• ENTRIES PROVIDED
┄┄┄┄┄┄┄┄┄┄┄┄┄┄┄┄┄┄┄┄

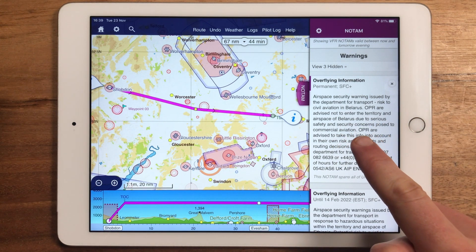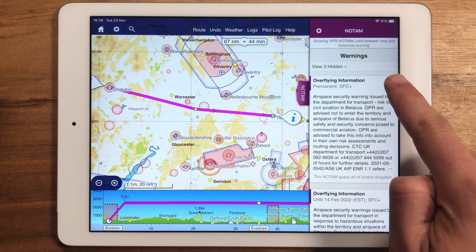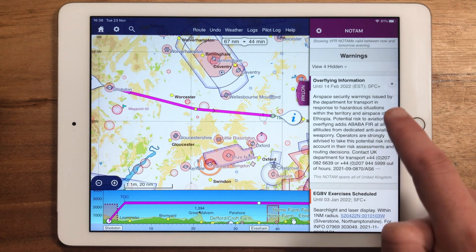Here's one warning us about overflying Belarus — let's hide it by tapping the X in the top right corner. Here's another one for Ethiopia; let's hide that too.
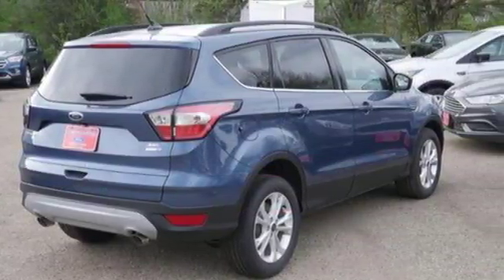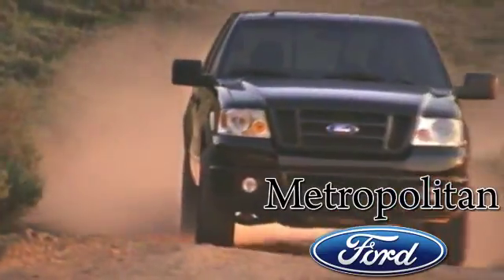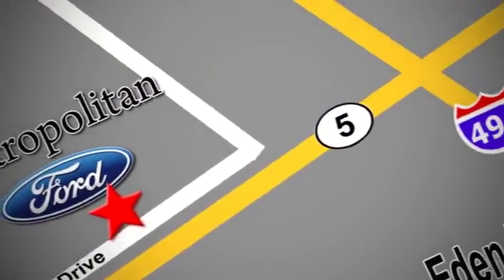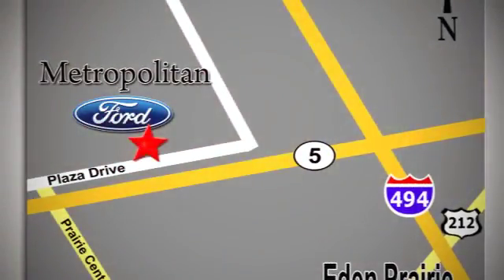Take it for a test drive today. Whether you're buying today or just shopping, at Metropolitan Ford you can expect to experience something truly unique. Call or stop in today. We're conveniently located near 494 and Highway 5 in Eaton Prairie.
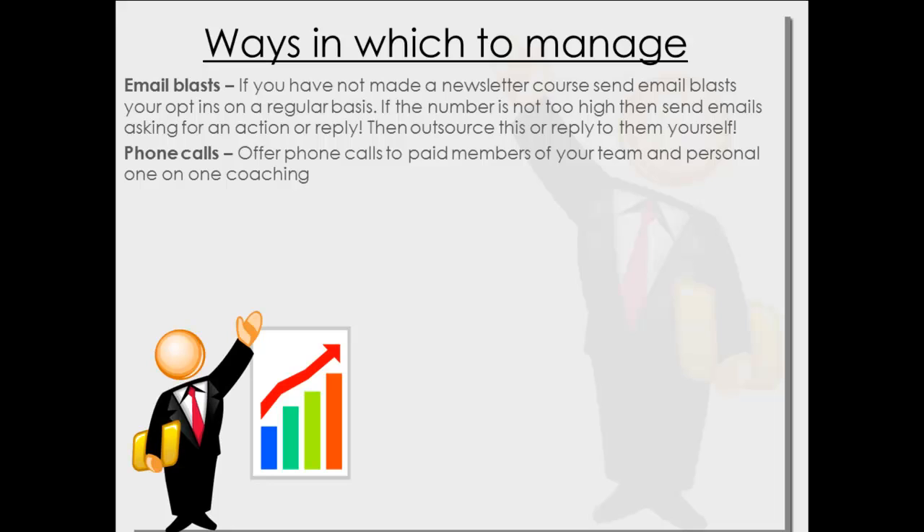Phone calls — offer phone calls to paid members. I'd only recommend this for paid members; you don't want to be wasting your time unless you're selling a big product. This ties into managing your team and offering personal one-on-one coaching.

┄┄┄┄┄┄┄┄┄┄┄┄┄┄┄┄┄┄┄┄

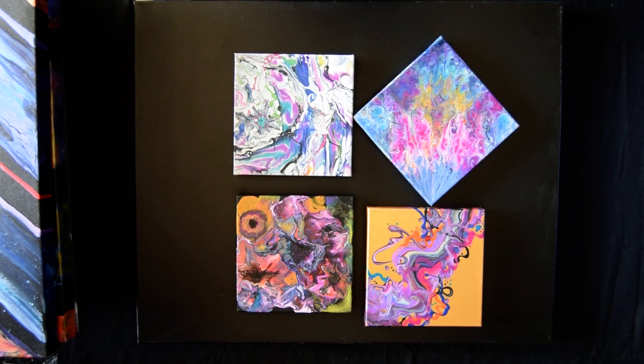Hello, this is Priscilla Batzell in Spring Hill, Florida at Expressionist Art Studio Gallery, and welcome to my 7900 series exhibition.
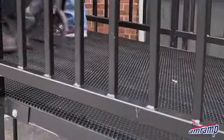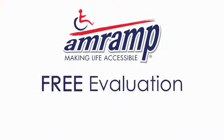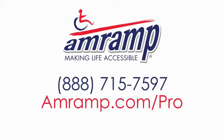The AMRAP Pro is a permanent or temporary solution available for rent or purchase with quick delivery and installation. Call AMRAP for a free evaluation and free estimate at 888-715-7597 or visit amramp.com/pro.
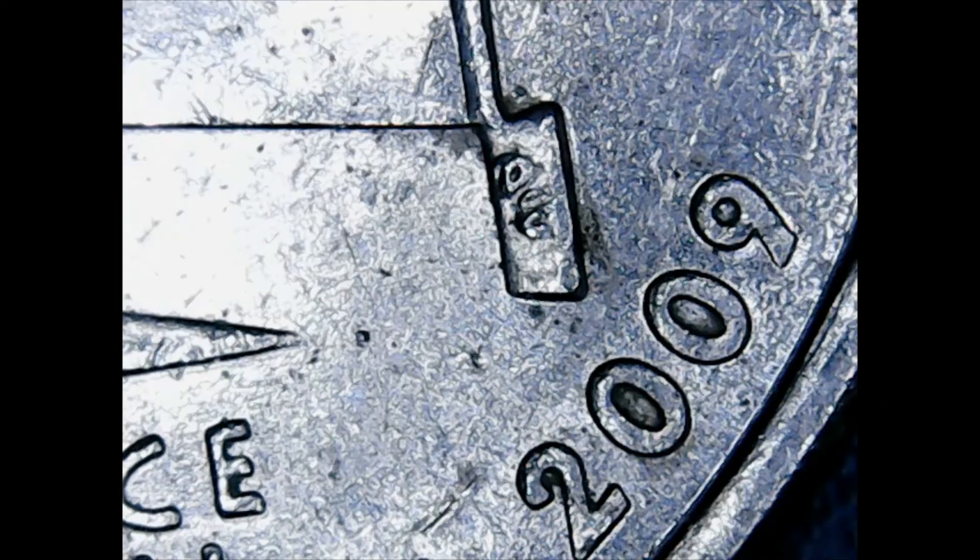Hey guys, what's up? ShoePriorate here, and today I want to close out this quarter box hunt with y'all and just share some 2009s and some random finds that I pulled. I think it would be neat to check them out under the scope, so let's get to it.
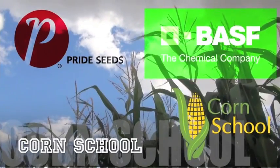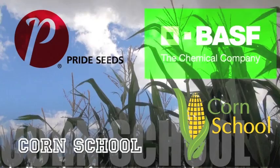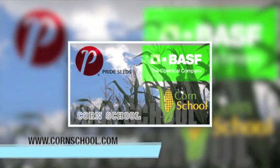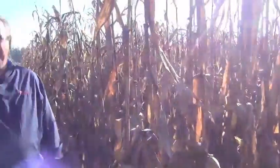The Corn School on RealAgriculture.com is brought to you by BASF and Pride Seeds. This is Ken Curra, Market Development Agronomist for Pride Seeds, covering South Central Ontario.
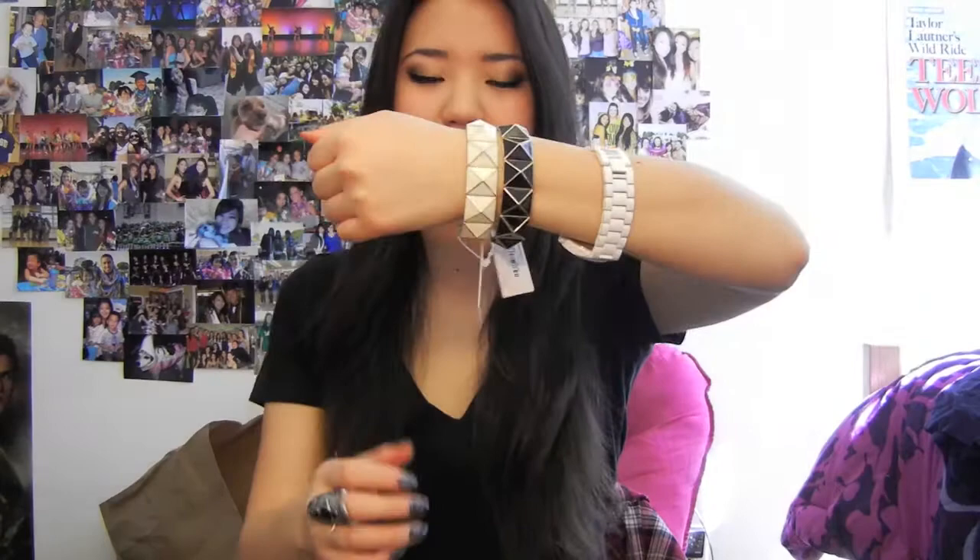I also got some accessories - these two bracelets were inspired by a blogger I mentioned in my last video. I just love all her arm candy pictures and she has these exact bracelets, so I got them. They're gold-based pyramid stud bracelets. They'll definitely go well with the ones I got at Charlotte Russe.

┄┄┄┄┄┄┄┄┄┄┄┄┄┄┄┄┄┄┄┄

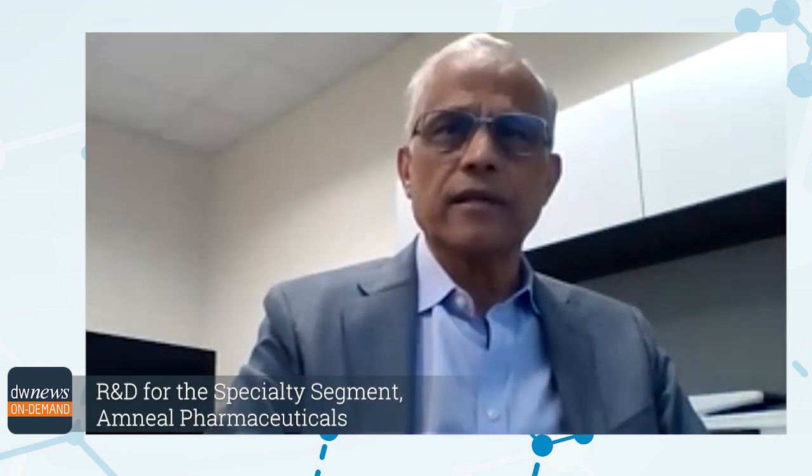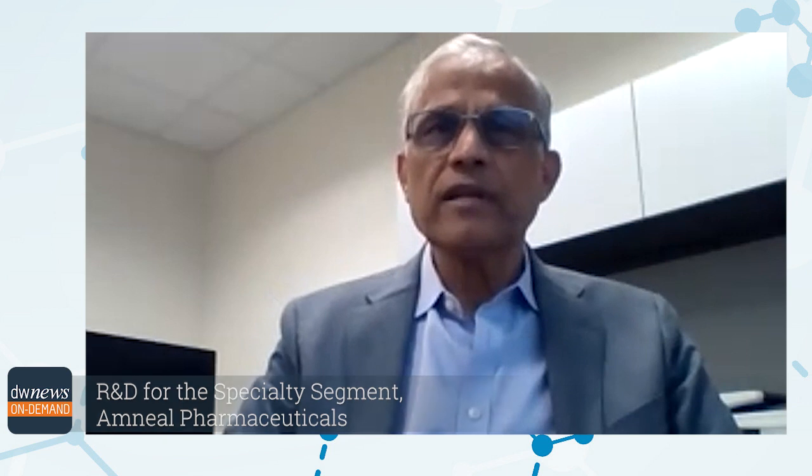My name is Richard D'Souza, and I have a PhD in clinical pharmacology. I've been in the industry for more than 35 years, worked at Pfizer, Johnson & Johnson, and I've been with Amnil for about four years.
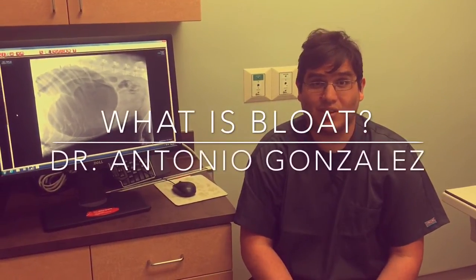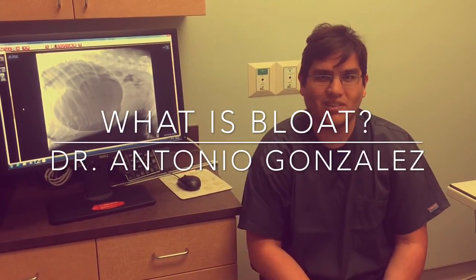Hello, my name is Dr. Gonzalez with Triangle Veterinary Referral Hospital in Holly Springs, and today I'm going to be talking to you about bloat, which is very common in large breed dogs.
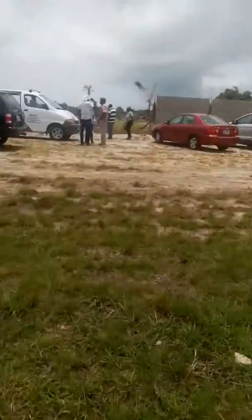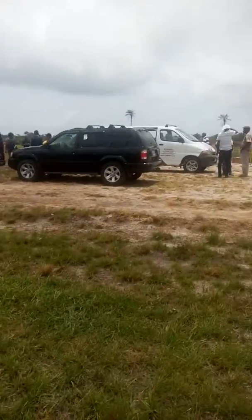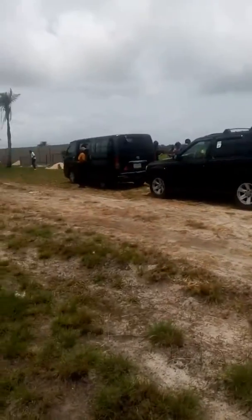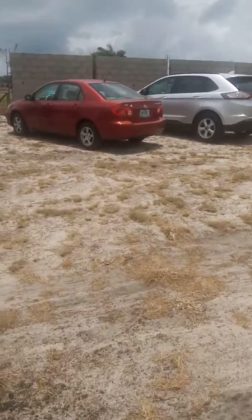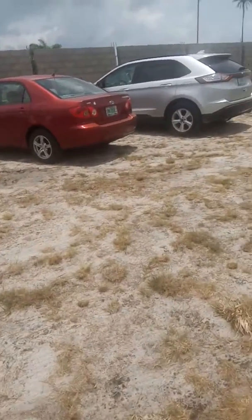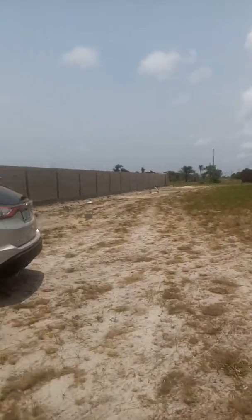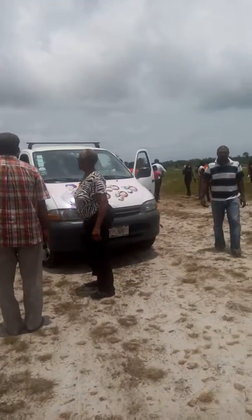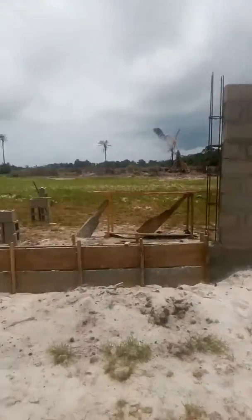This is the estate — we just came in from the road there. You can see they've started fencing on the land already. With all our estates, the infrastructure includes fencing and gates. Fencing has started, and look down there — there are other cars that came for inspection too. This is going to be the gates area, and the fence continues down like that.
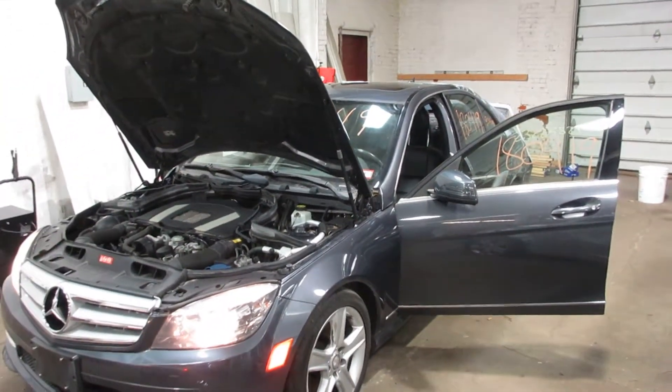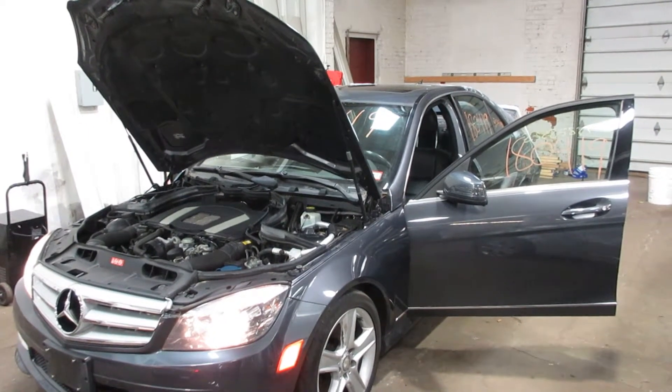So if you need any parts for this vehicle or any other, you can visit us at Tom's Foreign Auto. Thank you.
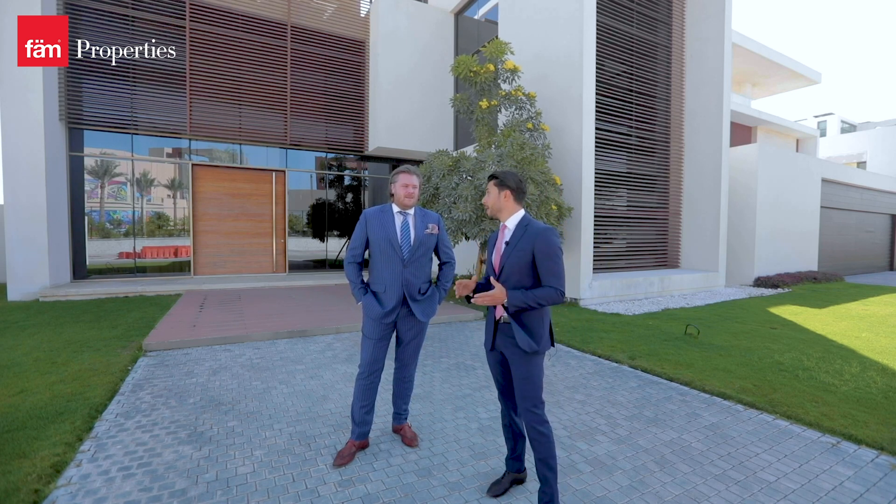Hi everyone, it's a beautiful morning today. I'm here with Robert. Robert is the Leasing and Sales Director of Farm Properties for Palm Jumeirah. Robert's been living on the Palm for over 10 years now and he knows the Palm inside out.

┄┄┄┄┄┄┄┄┄┄┄┄┄┄┄┄┄┄┄┄

• YOUR OBJECTIVE
Every line above in the stretch from the one with "Hello, my name" through the one with "Hi everyone, it's" is to be transcribed exactly, ends included. No picture is copied.

• ANSWER BOX
Hello, my name is Dr. Gonzalez with Triangle Veterinary Referral Hospital in Holly Springs, and today I'm going to be talking to you about bloat, which is very common in large breed dogs.
This is the estate — we just came in from the road there. You can see they've started fencing on the land already. With all our estates, the infrastructure includes fencing and gates. Fencing has started, and look down there — there are other cars that came for inspection too. This is going to be the gates area, and the fence continues down like that.
So if you need any parts for this vehicle or any other, you can visit us at Tom's Foreign Auto. Thank you.
Hi everyone, it's a beautiful morning today. I'm here with Robert. Robert is the Leasing and Sales Director of Farm Properties for Palm Jumeirah. Robert's been living on the Palm for over 10 years now and he knows the Palm inside out.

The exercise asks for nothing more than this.